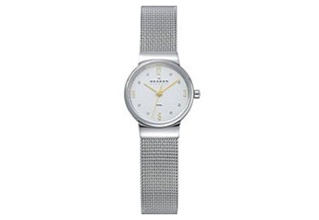 Skagen Uhrenarmband 355XSGSC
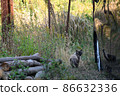 Blue-eyed cat 86632336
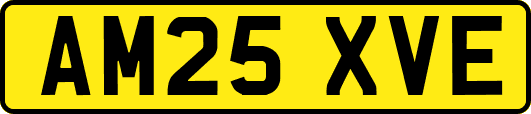 AM25XVE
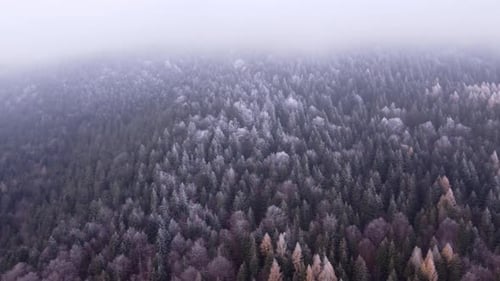 Flying Over a Forest Landscape in Winter Freezing White Frosted Tree Tops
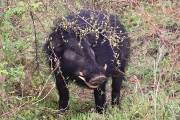 306IMG_9478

- - -

» Exercise directions: Write out each entry word for word, images excluded.

» Response area:
 Skagen Uhrenarmband 355XSGSC
 Blue-eyed cat 86632336
 AM25XVE
 Flying Over a Forest Landscape in Winter Freezing White Frosted Tree Tops
 306IMG_9478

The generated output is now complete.